**INSTRUCTIONS FOR THE TASK:**
Do not copy the pictures. Write out the lines from the start of the entries through the line containing "landscape of hitachi".

**Short text fragments from websites:**
━━━━━━━━━━━━━━━━━━━━
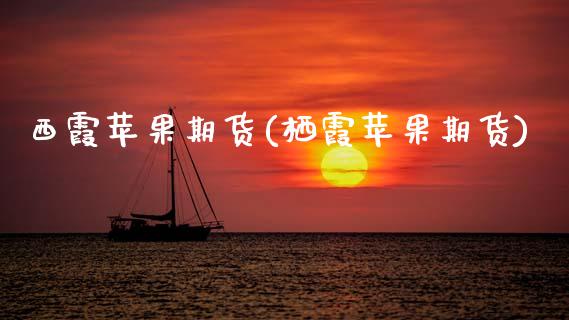 西霞苹果期货(栖霞苹果期货)_https://www.xmqjcw.com_期货行情_第1张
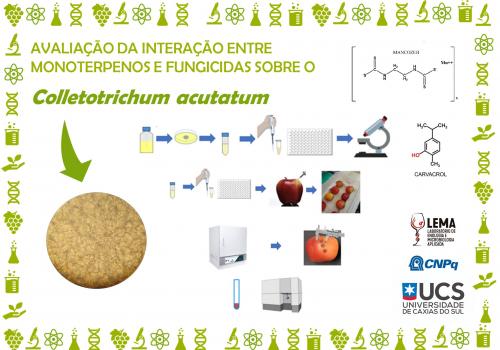 INTERAÇÃO ENTRE MONOTERPENOS E FUNGICIDAS SOBRE O Colletotrichum acutatum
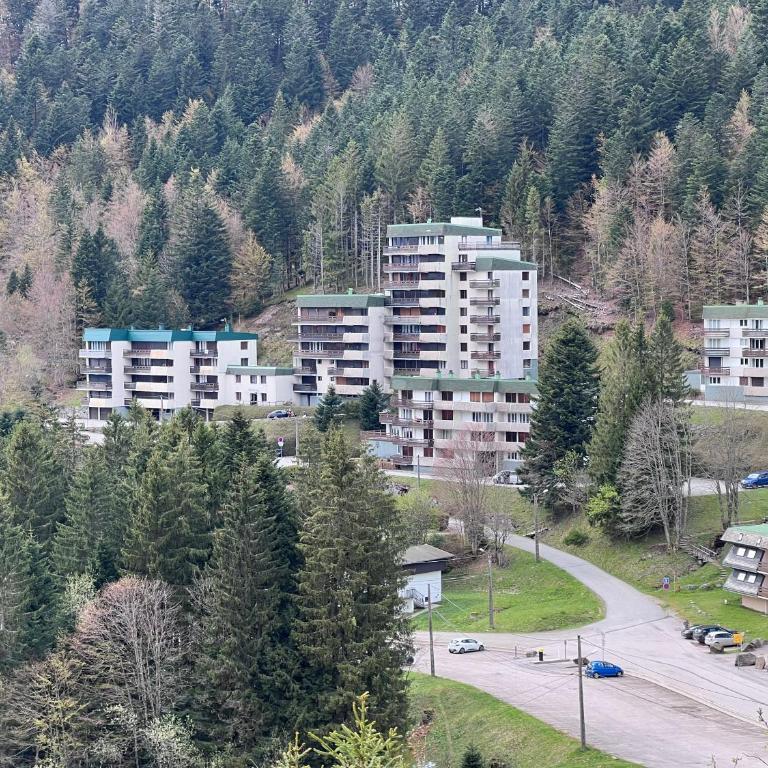 Le Balcon - La Bresse - Appartement 1 Chambre - 23
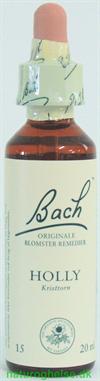Bach Kristtorn (Holly)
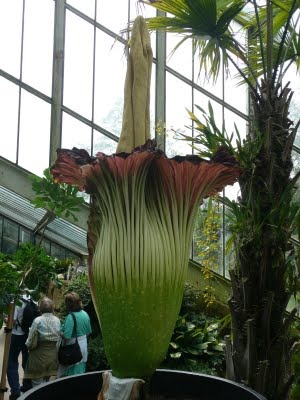 Media_httplh6ggphtcomtbull001scxu1q1wziaaaaaaaac9qykmhscvocnms400p1020960jpg_chicxbdubsorxwg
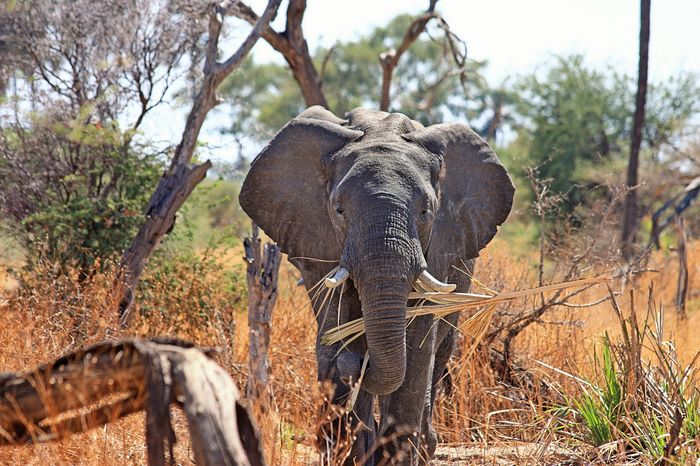 Poachers are relentless when it comes to elephants, but a relocation project is underway that will move several of the creatures from a densely-populated area of Malawi to one where elephant populations are lower than desired.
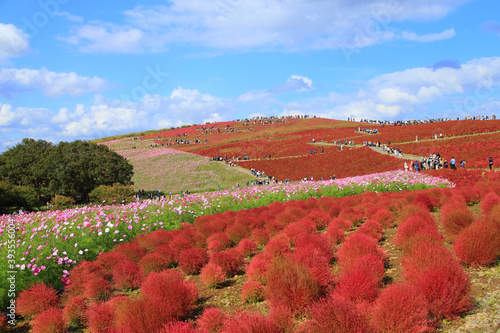 landscape of hitachi seaside park in autumn photo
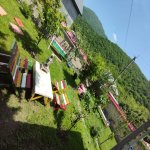 Kirayə (günlük) 4 otaqlı Həyət evi/villa Qəbələ 8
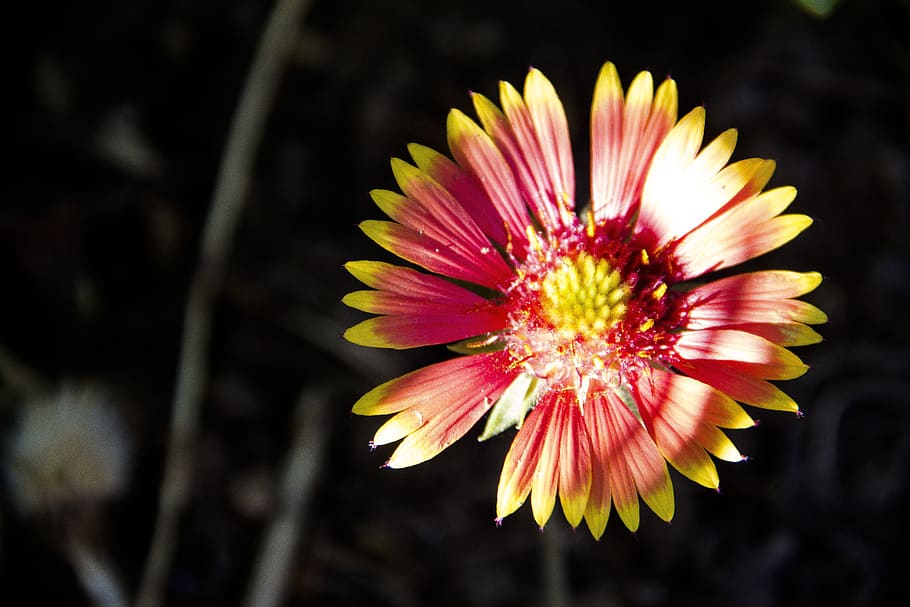 garden, flower, bloom, petals, flowers, macro, red, leaves HD wallpaper
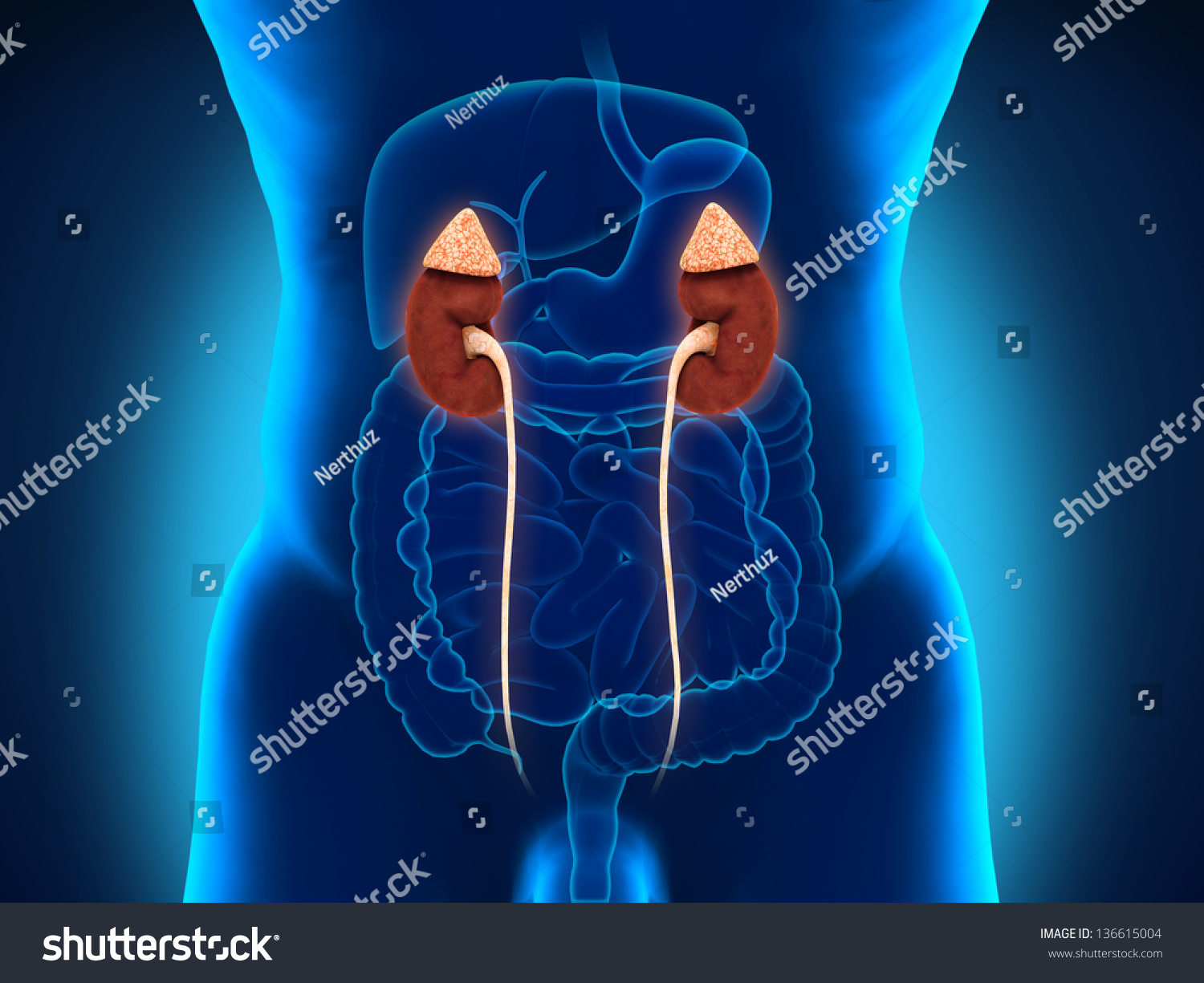 Human Male Kidneys Anatomy Stock Photo 136615004 : Shutterstock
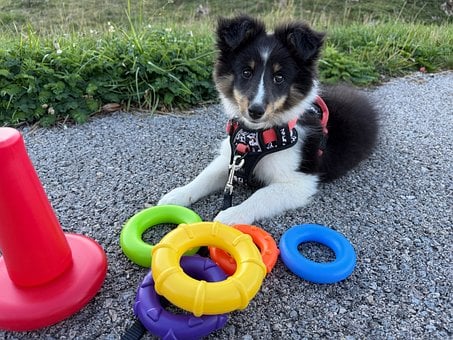 Cachorro, Anillos De Colores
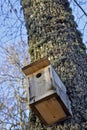 Birdhouse in a small and old park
━━━━━━━━━━━━━━━━━━━━
**RESULT:**
 西霞苹果期货(栖霞苹果期货)_https://www.xmqjcw.com_期货行情_第1张
 INTERAÇÃO ENTRE MONOTERPENOS E FUNGICIDAS SOBRE O Colletotrichum acutatum
 Le Balcon - La Bresse - Appartement 1 Chambre - 23
Bach Kristtorn (Holly)
 Media_httplh6ggphtcomtbull001scxu1q1wziaaaaaaaac9qykmhscvocnms400p1020960jpg_chicxbdubsorxwg
 Poachers are relentless when it comes to elephants, but a relocation project is underway that will move several of the creatures from a densely-populated area of Malawi to one where elephant populations are lower than desired.
 landscape of hitachi seaside park in autumn photo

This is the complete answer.